L’Allamano trascorre intensamente sette anni in seminario come studente e altri sette come prefetto e poi come direttore spirituale. Ama il seminario. Alla fine, dice: «certo, dopo 14 anni di seminario, al lasciarlo ho pianto». Ma il suo amore per il seminario non significa che si lasci condizionare dal sistema. Anche se, in qualche modo, c’è una sintonia tra quel sistema del seminario e il suo carattere, egli non si conforma, ma si forma, stando al di sopra delle pressioni di un tale sistema. Quando, a sua volta, sarà lui direttore spirituale del seminario e poi rettore del convitto ecclesiastico e superiore dei Missionari e Missionarie della Consolata, sprigionerà la sua dolcezza. Il suo metodo non è quello dell’imposizione, della rigidità, ma quello della persuasione. Questo suo atteggiamento è frutto di una integrazione matura con l’ambiente.


L’ambiente dottrinale a Torino.

L’Allamano si trova in un ambiente di studio molto problematico, soprattutto dal punto di vista della teologia morale. Nel Convitto Ecclesiastico, c’è come docente un certo mons. G. B. Bertagna, in seguito fatto vescovo, che viene accusato di lassismo, mentre in seminario c’è la figura del direttore spirituale di nome G. M. Soldati (che poi diventerà rettore) e l’arcivescovo di Torino stesso, mons. L. Gastaldi, che «rappresentavano la maniera forte, la disciplina rigida, il metodo assoluto» (P. I. Tubaldo).

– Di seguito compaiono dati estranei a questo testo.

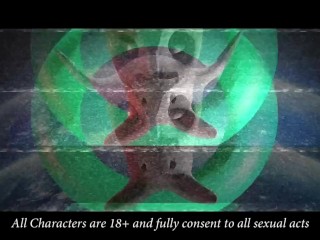 Пожелать мне вернуться Превью ХХХ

L’Allamano si stacca intellettualmente da ambedue le tendenze. Si sa che egli non segue né approva del tutto la linea di azione del Soldati, che riteneva troppo esigente. Ma in definitiva, i due erano amici, e sarà l’Allamano a consolare il Soldati quando verrà improvvisamente tolto dalla guida del seminario. Dunque, l’Allamano, dal punto di vista della teologia morale, raggiunge un buon equilibrio dottrinale, quello dello zio san G. Cafasso. Nelle sue impostazioni e nei suoi rapporti, con la sua caratteristica dolcezza, sa farsi amare. Il suo posto di azione come formatore è nelle conversazioni; lì sa muoversi, convincere ed educare.


La capacità a discernere dell’Allamano.

Il nostro seminarista, dunque, non è un ribelle che rifiuta qualsiasi pensiero, no; egli ascolta e assorbe tutto, anzi, per dirlo con una sua parola, “rumina”. C’è da meravigliarsi davanti ai suoi appunti presi durante le omelie, negli esercizi spirituali, nelle conferenze, ecc. Prende tutto ciò che è buono e lo fa suo. Egli è uomo del suo tempo, che cita i suoi maestri. «Si nota che egli poneva una cura speciale a raccogliere ciò che aveva udito e giudicava utile alla sua vita spirituale» (P. C. Pera).
Anche la sua spiritualità è quella del suo tempo, ma in qualche modo la supera. I personaggi che vengono citati dall’Allama-no sono quelli che hanno un contatto diretto con lui. Egli sa imparare da chi è messo a sua disposizione dalla Provvidenza: mons P. Gastaldi, il can. G. M. Soldati, lo zio sacerdote G. Allamano, ecc. I pensieri che l’Allamano raccoglie sono presi da 37 persone.
Da questi pensieri, insieme ai testi di disciplina e del regolamento della vita del seminario, di cui l’Allamano aveva pure imparato qualche tratto a memoria, compose il suo “Regolamento di vita”. Si è formato al sacerdozio utilizzando tutti questi strumenti. Quelli del seminario sono anni di ascolto, della ruminazione e dell’integrazione. La sua è una vita serena. Uno dei suoi compagni, mons. G. B. Ressia, poi vescovo di Mondovì, dice che lui era il più allegro di tutti, che per lui lo stile educativo e di vita del seminario non era un sistema pesante. L’Allamano non ritiene esigenti i superiori. Più avanti potrà dire: «Sarò sempre riconoscente ai miei superiori anche se mi hanno mutilato».